Aviation
India's Kingfisher to resume wage payments
The chief of India's embattled Kingfisher Airlines promised Monday to
give employees long overdue pay cheques after the government unfroze the
carrier's bank accounts.
The airline, which owes millions of dollars to suppliers, lenders and
staff, has appeared increasingly in danger of collapse.
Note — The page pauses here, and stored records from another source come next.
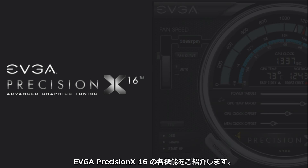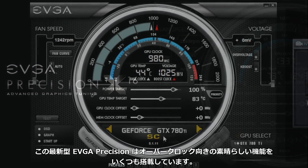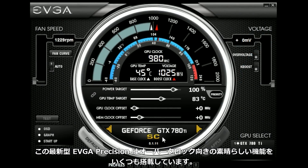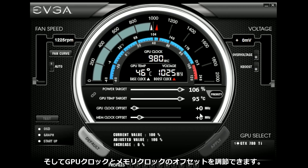EVGA Precision X16 has arrived. The latest version of EVGA Precision has all the great features that you expect like overclocking, increasing your power target, and your GPU temperature target.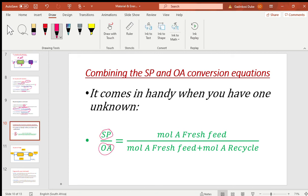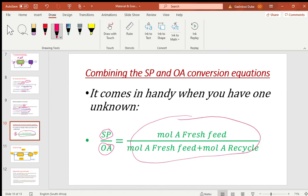By combining the single pass conversion and overall conversion equations, we get a combined equation. This is useful so that if you know the single pass conversion but not the overall conversion, you can still determine it through this mathematical manipulation. Alternatively, if you want to determine the recycle stream flow, you can use this equation — it comes in handy when you have one value but not the other.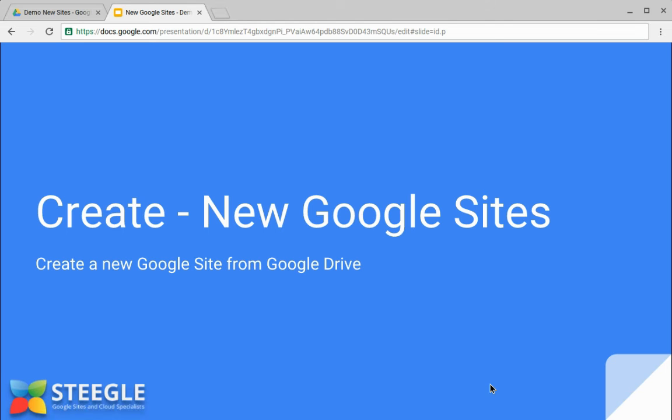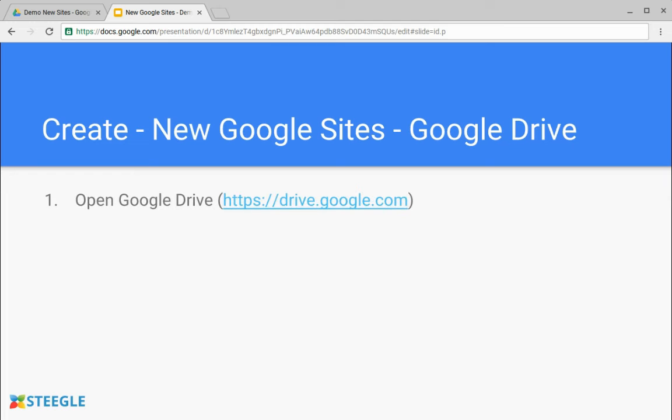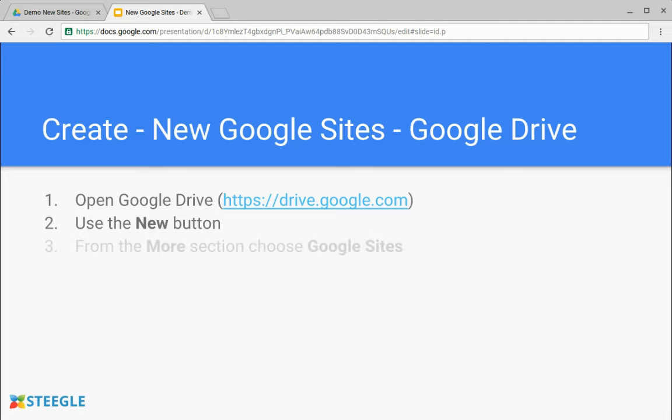Welcome to this Steegle video showing how you can make a new Google site from Google Drive. To do so, you need to open Google Drive. Once you've opened Google Drive, use the new button. When the new button opens, go to the more section and choose Google Sites. Let's see how that works.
But in the first piece of good news for months, liquor magnate Vijay
Mallya told staff in a letter that authorities unfroze its bank accounts
Sunday after the airline paid tax arrears, allowing him to resume wage
payments.
However employees, without salaries since December, told Mallya they
did not believe his assurances and demanded their wages be paid
immediately.
"We have received similar emails assuring us (salaries) would be
paid. However, none of the assurances have been met," the employees said
in a letter to the Kingfisher chairman.
This has left employees "feeling cheated and deceived, resulting in
(us) not believing your latest mail," the employees said, adding flight
"operations have become unsafe due to stress caused by our financial
constraints".
There was no immediate response from Mallya, known as "the King of
Good Times" for his flamboyant lifestyle, who had said the airline would
pay junior staff this Wednesday while pilots and engineers would be paid
next week.
The salary payments had been made possible, Mallya said, because
Indian authorities had unfrozen the airline's bank accounts on Sunday
after Kingfisher paid 640 million rupees ($12.5 million) in tax arrears.